Scientists from the Westmead Institute for Medical Research have recently found that increasing healthy dietary fiber is linked to successful aging and healthcare. The research team examined carbohydrate intake of the patients in the study which included total fiber intake, glycemic index, glycemic load, and sugar intake. It was revealed that fiber made the largest difference to what the researchers regarded as successful aging. Successful aging was defined as living with absence of disability, depressive symptoms, cognitive impairment, respiratory symptoms and chronic diseases which included cancer, coronary artery disease and stroke.

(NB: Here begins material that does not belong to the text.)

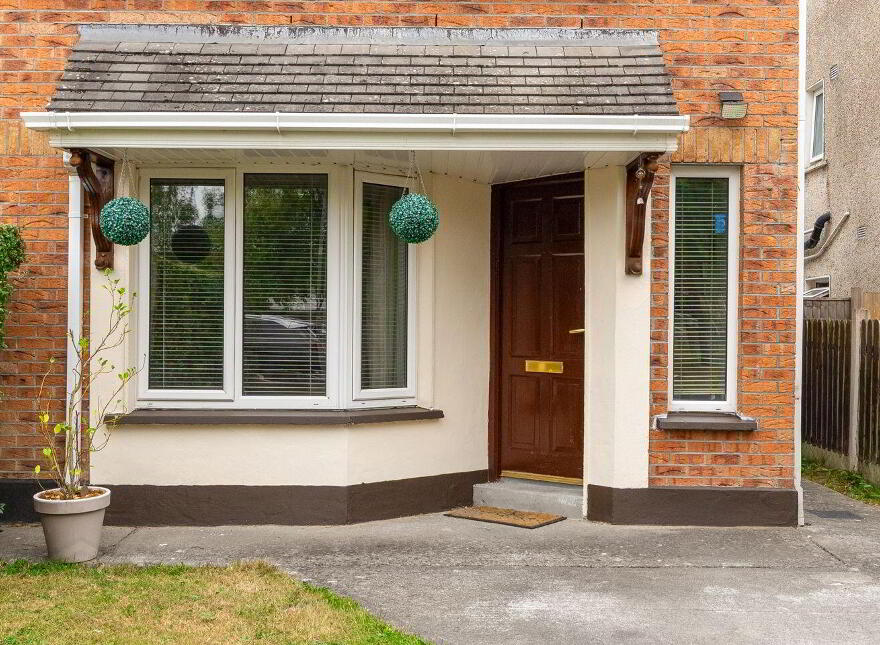 11 The Green, College Farm, Newbridge, W12H674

Eating the right amount of fiber from breads, cereals and fruits can help us to avoid disease and disability into old age. Dietary fiber is known as roughage or bulk and includes plant foods your body can’t digest. Fiber is not digested by your body, but passes through your stomach, small intestine and colon and out of your body. Fiber is commonly classified as soluble, dissolving in water, and insoluble, not dissolving in water. Soluble fiber dissolves in water to form a gel-like material. It can help lower blood cholesterol and glucose levels. Soluble fiber is found in oats, peas, beans, apples, citrus fruits, carrots, barley and psyllium. Insoluble fiber promotes the movement of material through your digestive system and increases stool bulk, so it can be of benefit to those who struggle with constipation or irregular stools. Whole-wheat flour, wheat bran, nuts, beans and vegetables, such as cauliflower, green beans and potatoes, are good sources of insoluble fiber. A high fiber diet offers normal bowel movements and bowel health, lowers cholesterol, helps control blood sugar and aids in achieving a healthy weight.